Shoulder Bursitis

What is Shoulder Bursitis?

Bursitis, considered as the most common cause of shoulder pain, is the inflammation of the bursa, a flattened and fibrous sac-like structure that surrounds the shoulder joint. The bursa mainly functions as a cushion or a shock absorber between a bone and a tendon.

These sacs provide a lubricating surface that prevents the rubbing of these structures during arm movements, minimizing the occurrence of trauma or degeneration of the shoulder joints.


Shoulder bursitis is caused be repetitive shoulder use, trauma, infection or an underlying medical condition, such as a systemic inflammatory disease.
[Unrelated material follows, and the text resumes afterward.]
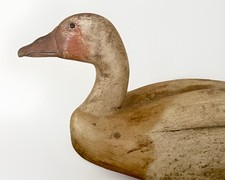 RARE 23” Quebec Snow Goose Decoy Attr. André Brosseau Original Paint picture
Commonly, bursitis of the shoulder results from injuries of the rotator cuff, a group of muscles and tendons that stabilize the shoulder, caused by falls, heavy lifting or repetitive overhead arm motions.

Normally, a bursa sac contains a thin film of synovial fluid that allows smooth movements during muscle contractions with minimal friction. On an excessive shoulder activity without adequate rest, the bursa heats up and the synovial fluid thickens.

This results in swelling of the bursae, which makes movements of shoulder joint painful and stiff.

Signs and Symptoms

Shoulder pain is the most common symptom of shoulder bursitis. A dull ache or joint stiffness is usually felt on activities where the arms motion above the head, worsening with movement or pressure.

The pain is also frequently felt during sleep. The affected area commonly feels warm to touch with occasional skin redness.


Bursitis of the shoulder is diagnosed by your physician through physical examination and a detailed medical history, mostly focusing on your usual activities.

An X-ray is done to rule out any underlying medical condition that is causing the pain.  Additional screening tests, such as blood tests and synovial fluid analyses, could be indicated.


The initial treatment of shoulder bursitis is rest, most especially if it is caused by repetitive use, to decrease the inflammation. Your physician might give you a list of activities that you need to avoid to prevent the pain from occurring.

Overhead weight lifting, throwing motions and arm movements over and behind your head are some activities that you need to exclude from your daily activities.

Your physician might also prescribe you with oral non-steroidal anti-inflammatory drugs or NSAIDS to reduce the joint inflammation. Once the pain and stiffness subside, some simple exercises that encourage joint and rotator cuff strengthening and flexibility are indicated.

A regular session with a physical therapist might also be prescribed to prevent the recurrence of the pain.

If the pain does not respond to any of these regimens, a cortisone injection into the inflamed area is usually indicated. The steroid shot decreases the inflammation and the pain. However, this drug therapy has a downside.

Repeated administration of steroids could weaken the tendons, which could result in worsening of the symptoms. Thus, it is important to reconsider this treatment option before initiating the therapy.